Using intervals

This document gives an overview of how to use the interval class.

Construction

The interval package can be loaded into the Python interpreter with the statement

>>> from interval import interval, inf, imath

which injects in the current namespace the interval class, a constant representing the mathematical infinity, and a module providing interval transcendental functions.

Intervals are immutable objects that can be created by specifying their connected components:

>>> k = interval([0, 1], [2, 3], [10, 15])
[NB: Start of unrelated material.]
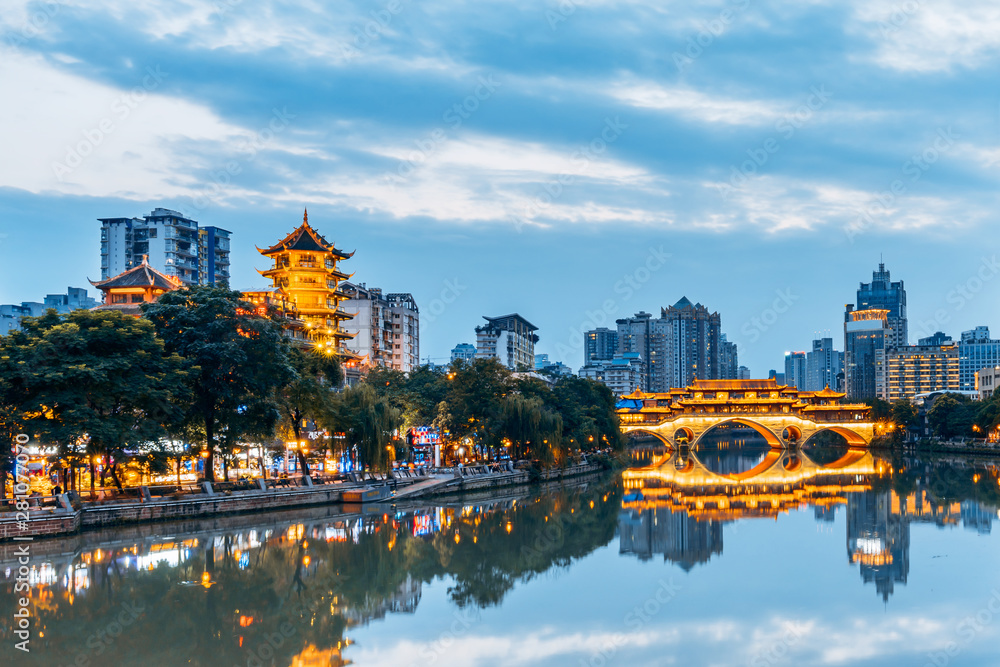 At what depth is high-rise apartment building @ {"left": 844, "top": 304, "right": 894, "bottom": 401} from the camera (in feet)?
478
creates an object representing the union of the mathematical intervals [0, 1], [2, 3] and [10, 15].

>>> interval[1, 2]
interval([1.0, 2.0])

represents the mathematical interval [1, 2], not be confused with the union of the one-point intervals {1} and {2}:

>>> interval(1, 2)
interval([1.0], [2.0])

An interval consisting of only one number can be instantiated with either forms:

>>> interval(1), interval[1]
(interval([1.0]), interval([1.0]))

An empty interval has no components:

>>> interval()
interval()

Operations

Intervals can be added:

>>> interval[1, 2] + interval[4, 5]
interval([5.0, 7.0])

subtracted:

>>> interval[5, 7] - interval[1, 2]
interval([3.0, 6.0])

multiplied:

>>> interval[0, 2] * interval[4, inf]
interval([-inf, inf])

divided:

>>> interval[1] / interval[3]
interval([0.3333333333333333, 0.33333333333333337])

intersected:

>>> interval[1, 4] & interval[2, 5]
interval([2.0, 4.0])

merged by set-theoretic union:

>>> interval[1, 4] | interval[2, 5]
interval([1.0, 5.0])

>>> interval[1, 2] | interval[4, 5]
interval([1.0, 2.0], [4.0, 5.0])

raised to integer power:

>>> interval[-3, 2] ** 2
interval([0.0, 9.0])

You can take the absolute value of an interval:

>>> abs(interval[-3, 2])
interval([0.0, 3.0])

Scalar numbers are automatically cast as intervals when used as operands together with intervals:

>>> 1/interval[3] == interval[1]/interval[3]
True

The imath module provides transcendental functions that accept interval arguments. For instance,

>>> imath.exp(interval[0, 1])
interval([1.0, 2.7182818284590455])

Inspection

The in operator can be used to test whether a scalar is contained in an interval:

>>> 0 in interval[-1, 1]
True

>>> 0 in interval[1, 2]
False

or whether an interval is a subset of another interval:

>>> interval[1, 2] in interval[0, 3]
True

>>> interval[1, 2] in interval[1.5, 3]
False

The len operator returns the number of connected components in the interval:

>>> len(interval())
0

>>> len(interval[1, 2])
1

>>> len(interval(1, 2))
2

You can iterate on the connected components of an interval:

>>> [x for x in interval([1, 2], 3)]
[(1.0, 2.0), (3.0, 3.0)]

Each component behaves like a named tuple:

>>> x = interval([1, 2], 3)
>>> x[0].inf
1.0

>>> x[1].sup
3.0

You can use the components attribute to iterate over the components so that each component is itself an interval:

>>> [x for x in interval([1, 2], 3).components]
[interval([1.0, 2.0]), interval([3.0])]

Similarly, the endpoints are given by

>>> interval([1, 2], 3).extrema
interval([1.0], [2.0], [3.0])

and the midpoints by

>>> interval([1, 2], 3).midpoint
interval([1.5], [3.0])